By Sue-Lin Wong at Reuters
China’s trade performance remained weak in November, casting doubt on hopes that the world’s second-largest economy would level off in the fourth quarter and spelling more pain for its major trading partners.
The sluggish readings will reinforce expectations of economists and investors that the government will have to do more to stimulate domestic consumption in coming months given persistent weakness in global demand.
Exports fell a worse-than-expected 6.8 percent from a year earlier, their fifth straight month of decline, while imports tumbled 8.7 percent, their 13th drop in a row.
Imports did not slide as much as some economists had feared,
but analysts were unsure if that signaled a possible improvement in soft Chinese domestic demand, which has been a key factor in driving world commodity prices to multi-year lows.

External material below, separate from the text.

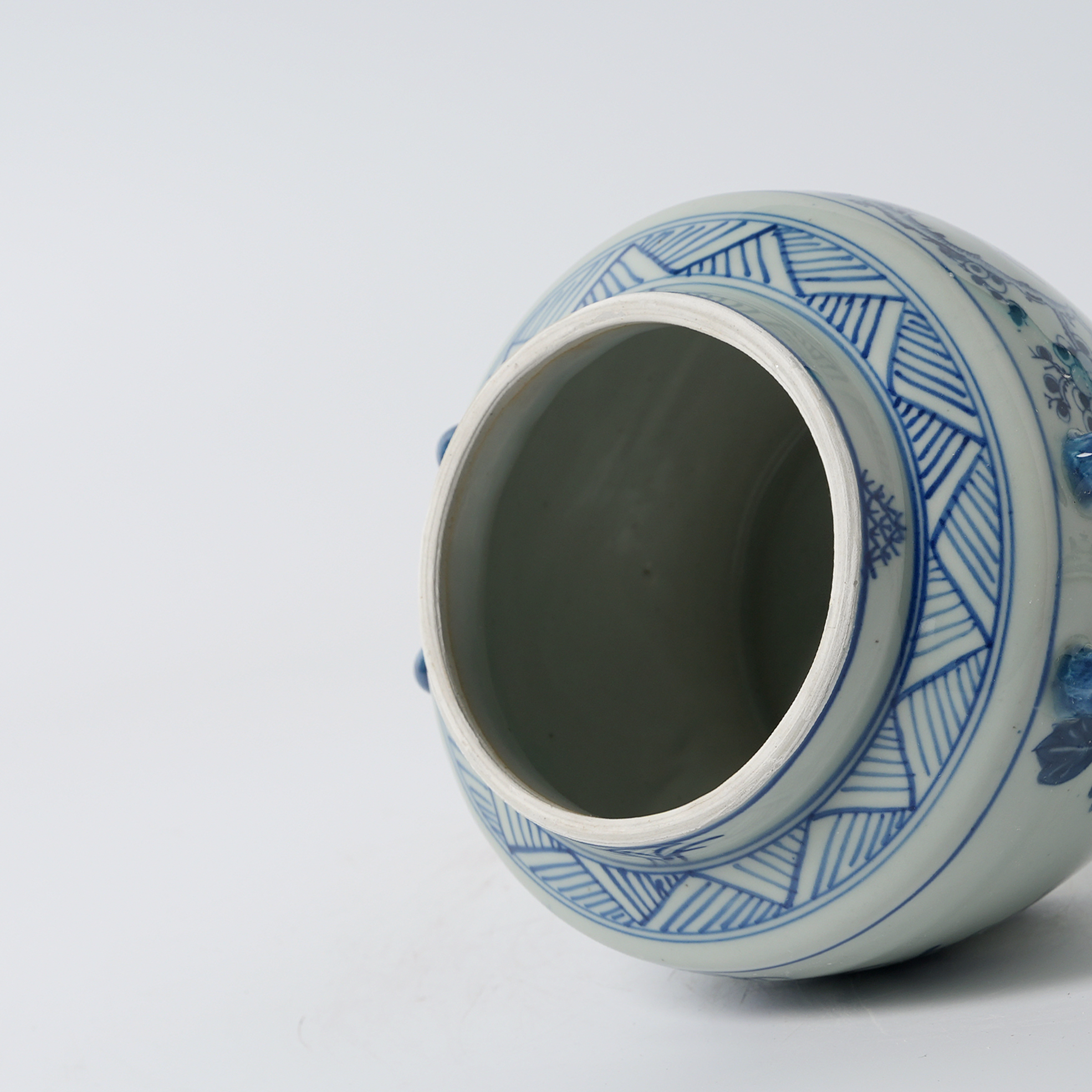 Antique blue and white floral pattern decorated ginger jar lid 68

“The big picture hasn’t really changed that much. The U.S. is doing okay, but the problems with emerging markets are really quite big,” said Kevin Lai, chief economist Asia Ex-Japan at Daiwa Capital Markets in Hong Kong.
“Imports have been slumping for more than a year now, so the year-on-year figures are benefiting from a much lower base, which statistically we should expect. But I’m not so sure the number today reflects a real fundamental change for the better in import demand.”
Analysts polled by Reuters had expected exports to fall by 5.0 percent, moderating slightly from October’s 6.9 percent decline, while imports had been forecast to decline 12.6 percent after an alarming 18.8 percent slide in October.
To be sure, China imported more copper, iron ore, crude oil, coal and soybeans in November by volume than in the preceding month, preliminary data from the General Administration of Customs showed on Tuesday.
But analysts said opportunistic Chinese buyers may have merely been taking advantage of a fresh slump in commodity prices, and will likely continue to export large quantities of finished products such as steel and diesel fuel because demand is not strong enough at home.
By value, China’s imports from the United States, the European Union and Japan all dropped, and in the case of Australia by a double-digit rate.
While some market watchers have pointed the blame squarely on China for this year’s global trade slowdown, the latest data highlighted weak demand globally, with China’s shipments to every major destination, except South Korea, declining year-on-year.
“China’s trade performance remains weak, as the trade value is likely to drop 8 percent for the whole year of 2015, versus an increase of 3.7 percent in 2014, clearly reflecting a de-leveraging process in the manufacturing sector that has dragged down demand for commodities,” Zhou Hao, economist at Commerzbank in Singapore, said in a note.
But some analysts took comfort in the country’s still hefty trade surplus, which was $54.10 billion for November, although down from October’s record high of $61.64 billion.
“China’s trade surplus has remained sizeable in November, which should offset capital outflows and fend off depreciation pressure on the yuan,” ANZ economists Li-Gang Liu and Louis Lam wrote in a research note.
China has allowed the yuan to slowly weaken to near four-month lows against the dollar, but few believe its exporters will be significantly helped by anything short of a drastic devaluation.
In a bid to avert a sharper economic slowdown, China’s central bank has already cut interest rates six times since last November and reduced the amount of cash that banks must set aside as reserves, while the government has eased restrictions on home buying to boost the sluggish property market and is trying to ramp up infrastructure spending.
China also announced a number of policies last month to encourage foreign trade and help exporters, admitting that the picture for foreign trade was “complicated and grim”.
Economic growth dipped to 6.9 percent in the third quarter, dropping below the 7 percent mark for the first time since the global financial crisis.
Premier Li Keqiang said last week that China was on track to reach its economic growth target of about 7 percent this year, and the economy was going through adjustments to maintain reasonable medium- to long-term growth.
But that would still mark China’s weakest economic expansion in a quarter of a century, and some analysts believe real growth levels are much weaker than official data suggest.